I have one about Russian contemporary Art which I enjoy, but that's a reasonably specialised subject area. Were you looking for something general? "This is Modern Art" is pretty good if you want something general.

The New and Improved / Kate (papa november), Tuesday, 5 July 2005 20:32 (eighteen years ago) link

Any of Jurgen Teller's collections.

Lara (Lara), Tuesday, 5 July 2005 20:33 (eighteen years ago) link

I like Juergen Teller.

Kate, I wasn't necessarily looking for reccomendations (though that's always nice too). I was just wondering.

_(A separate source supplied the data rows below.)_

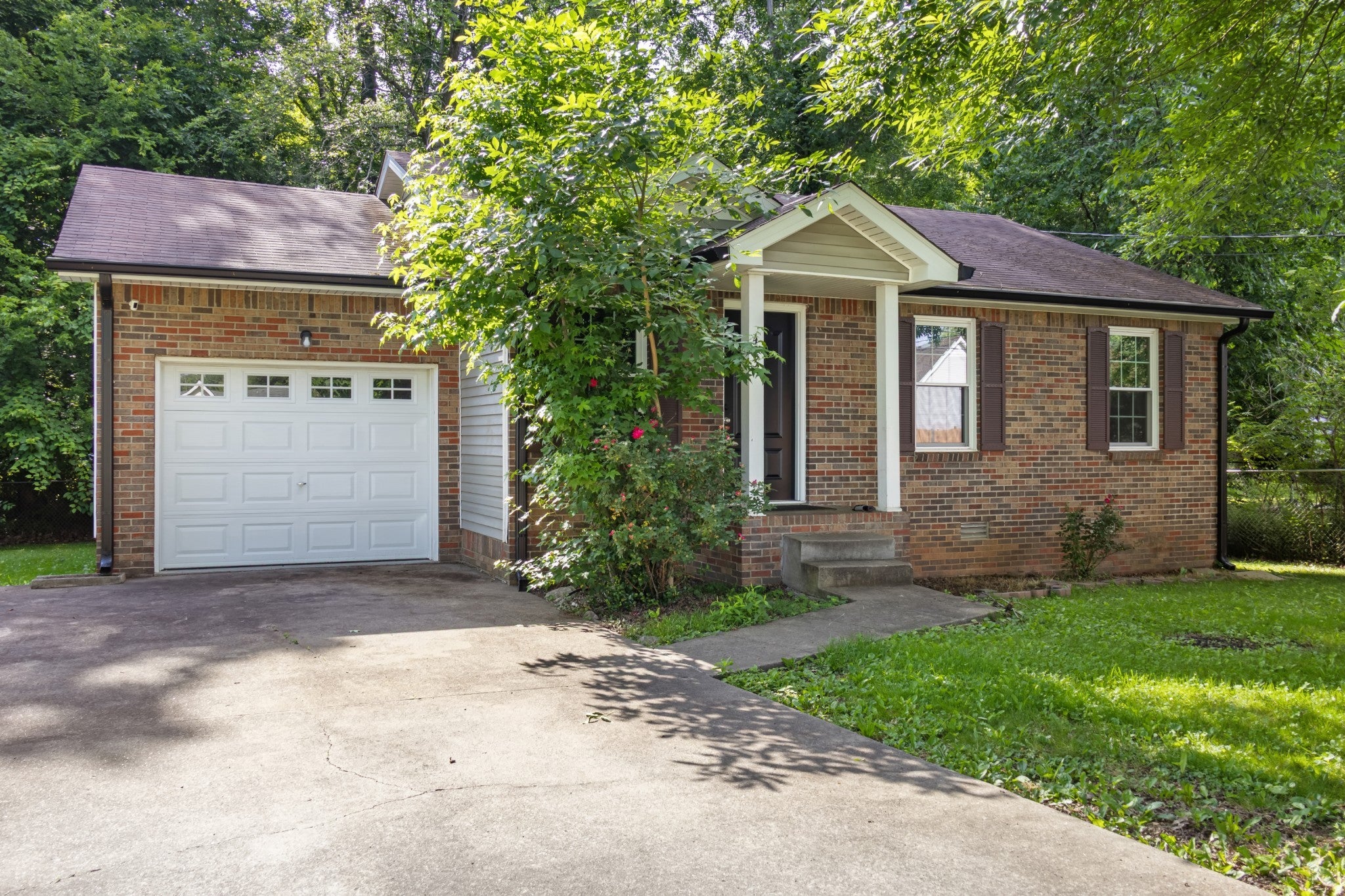423 Donna Dr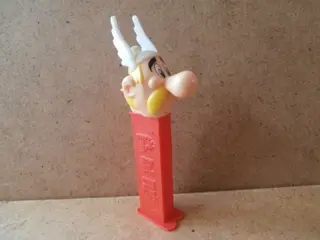 Asterix pez 6 adv7450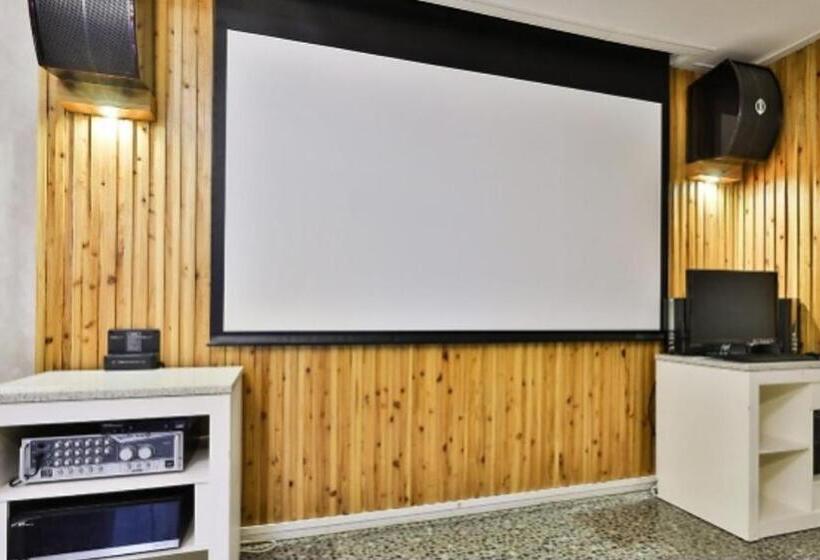 جناح ديلوكس, Time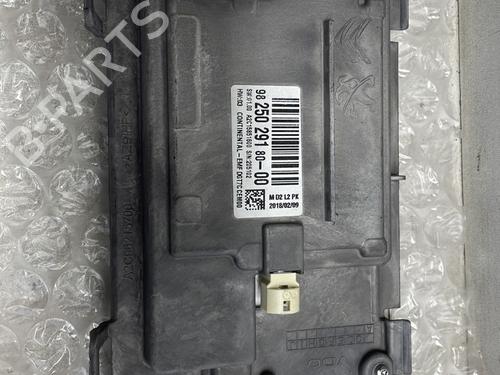 Used Display monitor Display monitor PEUGEOT 2008 I (CU_) 1.6 BlueHDi 75 (75 hp) 26524464 26524464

Julsi (Julsi), Tuesday, 5 July 2005 20:38 (eighteen years ago) link

Being that you were "overwhelmed" I assumed you needed help.

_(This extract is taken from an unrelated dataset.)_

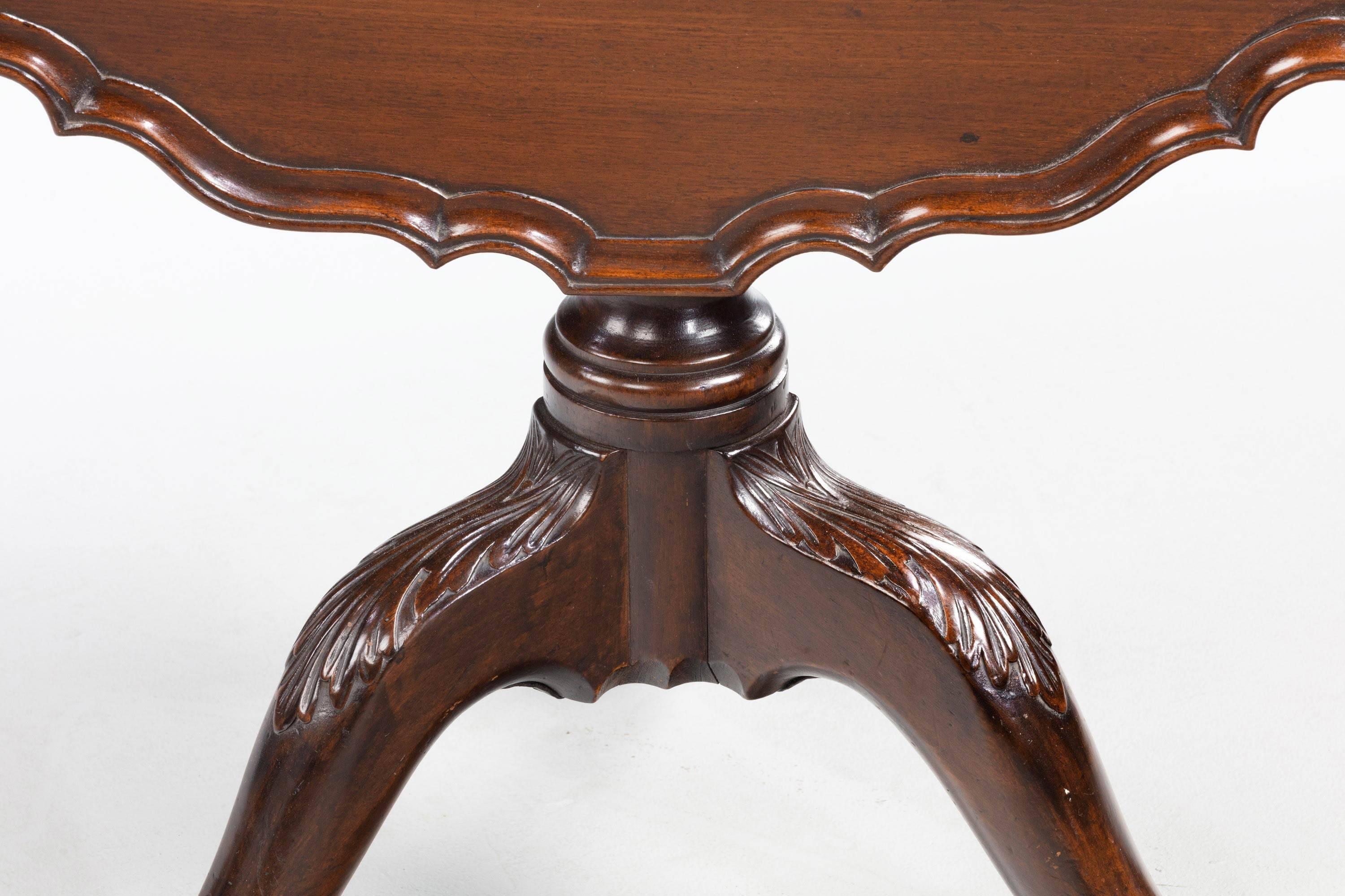 Finely Carved Chippendale Style Mahogany Pie-Crust Tilt Table 1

The New and Improved / Kate (papa november), Tuesday, 5 July 2005 20:42 (eighteen years ago) link

has anyone read this book art theory: an historical introduction by robert williams? i'd like to know if it's good or not.

caitlin oh no (caitxa1), Tuesday, 5 July 2005 20:43 (eighteen years ago) link

Also opinions on the work of John Berger please. Worth reading?

n/a (Nick A.), Tuesday, 5 July 2005 20:43 (eighteen years ago) link

All Thames & Hudson World Of Art books are excellent. I totally love The Art Of East Asia, ed. Gabriehle Fahr-Becker. I really like Herbert Read too, but it kind of depends where you are in your reading - he's the one I'd always recommend for people kind of getting into modern art.

I have read a few fucking annoying ones lately, but they were on Zen painting, which is a tough subject.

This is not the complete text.